Although blood needs to stream non-stop and without any interruptions in the body, blood clots are normal and necessary as they can stop excessive bleeding due to injuries and physical traumas. However, they become an issue when they arise without there being a need, which can lead to severe health complications such as heart attack and stroke.
Clotting occurs when blood interacts with certain thrombogenic substances. Clotting is typically a symptom of an underlying condition, and certain conditions can result in the formation of blood clots in vital organs like the brain and lungs, resulting in poor blood circulation and even blood pooling in the heart. When a blood clot breaks loose from an artery, it can have a severe effect on blood flow and can damage the brain or the heart.
Blood Clot Symptoms
Having a blood clot with no visible symptoms is common, and when people with do experience symptoms, these are often the symptoms of a blood-clotting disorder. Here are some blood clot symptoms to look out for in different parts of the body.
One of the most common body parts to form blood clots in the body are the legs. Blood clots in the legs may cause pain, swelling, and tenderness. One of the most common complications associated with blood clots is deep vein thrombosis, which is when blood clots form in the deep veins of the body, typically in the lower limbs such as the legs, pelvis, but also in the lungs and brain.
The severity of symptoms usually varies depending on clot sizes. Persistent and severe stomach pain and swelling can be a sign of a blood clot in the abdomen as blood clots most typically form in the lower part of the body. While rare, a blood clot can also form in the heart, causing symptoms of chest pain, breathlessness, and dizziness.
When a blood clot in the body breaks loose and makes its way to the lungs, this can result in a condition known as pulmonary embolism. The symptoms of pulmonary embolism include breathlessness, chest pain, and coughing (sometimes blood). Clotting in the brain, on the other hand, can also occur and exhibit itself with excruciating headaches.
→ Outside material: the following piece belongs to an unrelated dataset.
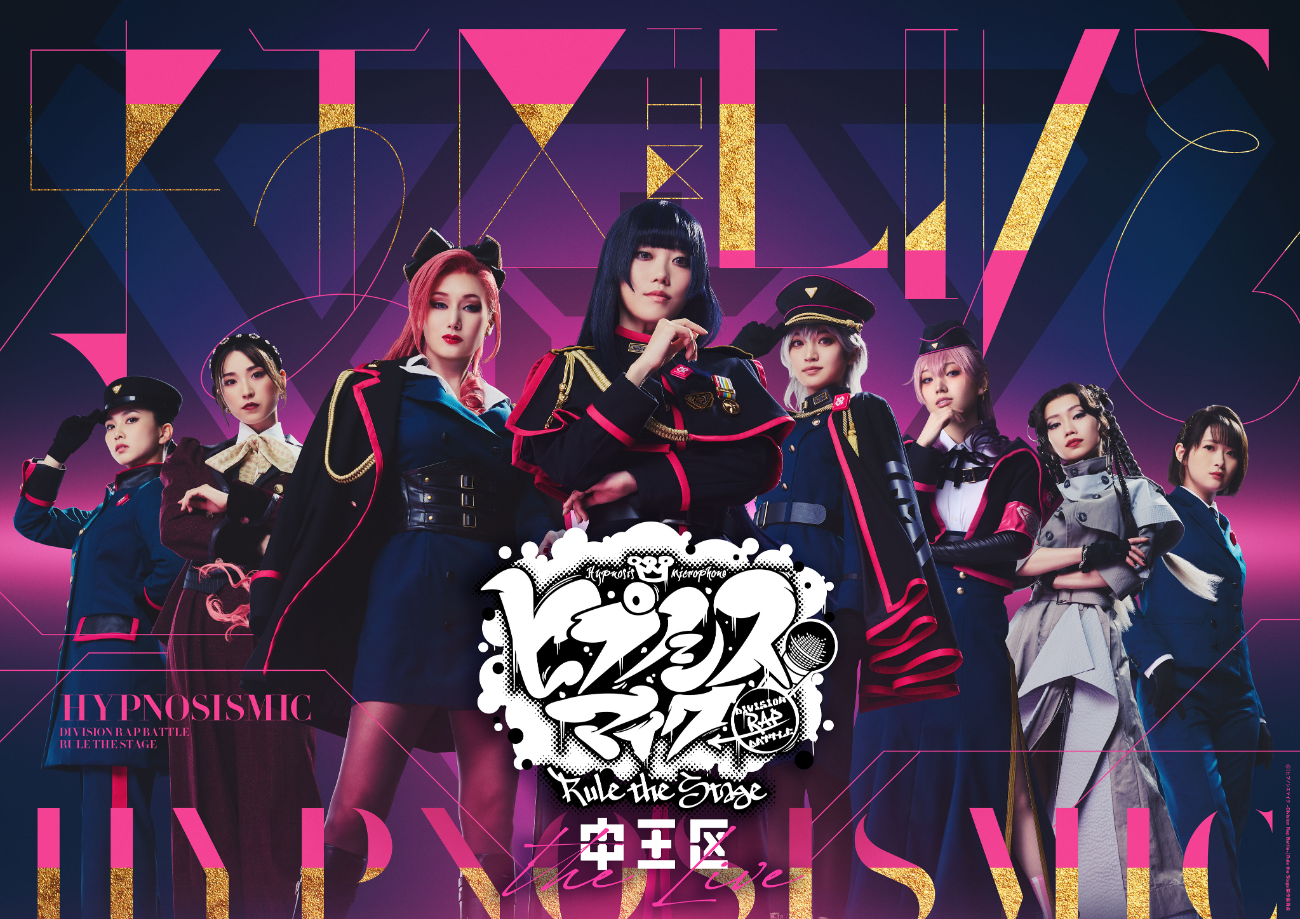 東方天 乙統女：菜々香勘解由小路 無花果：白峰 ゆり碧棺 合歓：高橋 桃子邪答院 仄仄：太田 夢莉天都己 一香：田野 優花天都己 一愛：涼邑 芹三条院 蒼乃⾵：鈴木 友梨耶東雲 朧：鈴木 南那佳CHU-OH DANCE BATTLE“C.D.B”MIKU　松本 ユキ子　平野 茜子　権田 菜々子　Rin　akarin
Are You At Risk of Blood Clots?
Some risk factors that put one at a greater risk of forming blood clots are:
– Being over 60
– Prolonged inactivity, e.g., a long flight
– Extended bed rest due to surgery or injury
– Being Overweight
– Pregnancy & Birth Control Pills
– Cancer & Some Cancer Treatments
Discuss your personal risk factors, medical history, family history of blood-clotting disorders with your doctor can go a long way in taking preventative measures to keep blood clots at bay.